PROBLEM TO SOLVE: Copy out each line from the material where the word "rsquo" is found.

INPUT DATA:
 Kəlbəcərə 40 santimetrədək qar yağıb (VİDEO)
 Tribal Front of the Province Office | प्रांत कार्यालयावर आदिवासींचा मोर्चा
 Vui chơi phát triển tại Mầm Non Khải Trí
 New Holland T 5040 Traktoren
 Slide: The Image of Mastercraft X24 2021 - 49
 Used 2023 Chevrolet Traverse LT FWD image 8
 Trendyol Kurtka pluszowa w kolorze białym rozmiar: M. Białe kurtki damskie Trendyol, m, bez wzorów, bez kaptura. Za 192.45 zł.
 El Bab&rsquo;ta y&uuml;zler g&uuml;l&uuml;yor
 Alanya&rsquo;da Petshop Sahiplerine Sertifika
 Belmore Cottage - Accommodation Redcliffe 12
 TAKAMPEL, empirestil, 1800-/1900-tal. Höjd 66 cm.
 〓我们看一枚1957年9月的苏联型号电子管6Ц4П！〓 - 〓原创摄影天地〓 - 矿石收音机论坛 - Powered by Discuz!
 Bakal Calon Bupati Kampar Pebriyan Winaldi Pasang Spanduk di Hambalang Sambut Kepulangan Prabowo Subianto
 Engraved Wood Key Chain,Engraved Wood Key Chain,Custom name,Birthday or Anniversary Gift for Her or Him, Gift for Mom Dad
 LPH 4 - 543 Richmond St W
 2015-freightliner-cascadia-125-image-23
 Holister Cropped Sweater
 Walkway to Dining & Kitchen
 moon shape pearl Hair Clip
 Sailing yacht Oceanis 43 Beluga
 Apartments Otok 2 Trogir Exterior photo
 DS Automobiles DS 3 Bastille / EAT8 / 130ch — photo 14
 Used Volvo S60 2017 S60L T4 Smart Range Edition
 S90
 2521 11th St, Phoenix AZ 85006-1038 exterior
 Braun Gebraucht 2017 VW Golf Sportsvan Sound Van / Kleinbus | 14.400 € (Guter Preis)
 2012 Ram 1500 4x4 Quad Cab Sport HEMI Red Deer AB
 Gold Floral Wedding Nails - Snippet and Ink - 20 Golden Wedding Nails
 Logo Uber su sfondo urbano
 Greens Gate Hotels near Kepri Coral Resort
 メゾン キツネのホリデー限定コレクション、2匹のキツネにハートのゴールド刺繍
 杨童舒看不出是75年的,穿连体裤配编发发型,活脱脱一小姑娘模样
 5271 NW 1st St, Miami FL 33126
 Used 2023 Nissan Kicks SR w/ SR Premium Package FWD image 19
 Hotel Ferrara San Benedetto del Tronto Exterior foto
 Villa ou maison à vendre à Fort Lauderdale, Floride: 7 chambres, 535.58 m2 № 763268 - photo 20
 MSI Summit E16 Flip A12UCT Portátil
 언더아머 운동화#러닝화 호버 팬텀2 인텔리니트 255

EXERCISE RESPONSE:
 El Bab&rsquo;ta y&uuml;zler g&uuml;l&uuml;yor
 Alanya&rsquo;da Petshop Sahiplerine Sertifika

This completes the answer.